The expected output is exactly the lines below, starting at the line with "Toyota Hilux 2015 Silver" and ending at the line with "DVNT - High Tee", both included; no other line belongs in it.

**Working data**
- - - - - - -

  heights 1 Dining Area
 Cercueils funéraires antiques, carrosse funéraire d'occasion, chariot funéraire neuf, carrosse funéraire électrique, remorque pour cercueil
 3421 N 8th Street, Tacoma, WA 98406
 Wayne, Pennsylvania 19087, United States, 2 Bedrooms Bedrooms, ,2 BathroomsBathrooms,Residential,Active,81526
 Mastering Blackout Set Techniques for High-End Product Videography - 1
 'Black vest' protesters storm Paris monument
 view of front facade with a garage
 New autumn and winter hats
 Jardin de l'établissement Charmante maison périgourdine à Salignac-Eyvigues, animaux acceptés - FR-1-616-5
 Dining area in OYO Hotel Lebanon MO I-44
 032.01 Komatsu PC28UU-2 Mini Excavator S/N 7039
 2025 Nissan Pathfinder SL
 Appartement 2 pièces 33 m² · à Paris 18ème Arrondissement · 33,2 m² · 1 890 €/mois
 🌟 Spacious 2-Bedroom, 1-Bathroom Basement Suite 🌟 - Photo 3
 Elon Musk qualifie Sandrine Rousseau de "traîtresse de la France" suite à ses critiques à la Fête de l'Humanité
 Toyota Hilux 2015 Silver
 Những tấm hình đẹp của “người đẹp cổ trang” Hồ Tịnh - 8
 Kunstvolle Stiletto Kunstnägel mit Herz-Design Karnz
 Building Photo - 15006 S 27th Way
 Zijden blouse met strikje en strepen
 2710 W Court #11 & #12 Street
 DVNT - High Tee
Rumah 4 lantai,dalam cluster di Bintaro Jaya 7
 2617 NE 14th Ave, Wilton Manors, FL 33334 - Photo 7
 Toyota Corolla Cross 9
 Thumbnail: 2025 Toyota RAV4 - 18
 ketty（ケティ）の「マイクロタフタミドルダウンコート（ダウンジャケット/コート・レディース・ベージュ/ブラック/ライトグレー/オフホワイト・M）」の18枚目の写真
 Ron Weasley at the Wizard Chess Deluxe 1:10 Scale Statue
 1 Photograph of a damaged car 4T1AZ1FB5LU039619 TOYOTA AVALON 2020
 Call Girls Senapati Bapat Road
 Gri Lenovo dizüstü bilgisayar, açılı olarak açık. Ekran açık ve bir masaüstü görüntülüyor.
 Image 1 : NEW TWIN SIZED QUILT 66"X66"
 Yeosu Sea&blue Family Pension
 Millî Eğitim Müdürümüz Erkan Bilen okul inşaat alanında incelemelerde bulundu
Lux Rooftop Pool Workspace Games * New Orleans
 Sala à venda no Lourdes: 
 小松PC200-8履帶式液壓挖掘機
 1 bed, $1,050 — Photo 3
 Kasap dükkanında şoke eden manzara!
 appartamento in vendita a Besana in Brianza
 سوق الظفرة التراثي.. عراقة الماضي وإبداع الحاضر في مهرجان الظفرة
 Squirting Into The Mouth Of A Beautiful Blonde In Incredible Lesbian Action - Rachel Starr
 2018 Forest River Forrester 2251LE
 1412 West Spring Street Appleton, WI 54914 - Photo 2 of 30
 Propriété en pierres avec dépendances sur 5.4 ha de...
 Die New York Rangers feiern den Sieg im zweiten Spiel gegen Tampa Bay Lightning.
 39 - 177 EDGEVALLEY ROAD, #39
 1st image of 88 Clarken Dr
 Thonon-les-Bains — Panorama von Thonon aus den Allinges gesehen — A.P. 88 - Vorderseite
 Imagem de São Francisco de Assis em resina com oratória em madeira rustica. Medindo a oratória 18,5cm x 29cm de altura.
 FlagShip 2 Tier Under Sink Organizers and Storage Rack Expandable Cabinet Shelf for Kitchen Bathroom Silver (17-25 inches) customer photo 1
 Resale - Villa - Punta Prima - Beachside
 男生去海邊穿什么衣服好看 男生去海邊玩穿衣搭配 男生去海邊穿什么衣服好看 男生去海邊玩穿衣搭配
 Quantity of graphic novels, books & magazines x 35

- - - - - - -

**Task response**
 Toyota Hilux 2015 Silver
 Những tấm hình đẹp của “người đẹp cổ trang” Hồ Tịnh - 8
 Kunstvolle Stiletto Kunstnägel mit Herz-Design Karnz
 Building Photo - 15006 S 27th Way
 Zijden blouse met strikje en strepen
 2710 W Court #11 & #12 Street
 DVNT - High Tee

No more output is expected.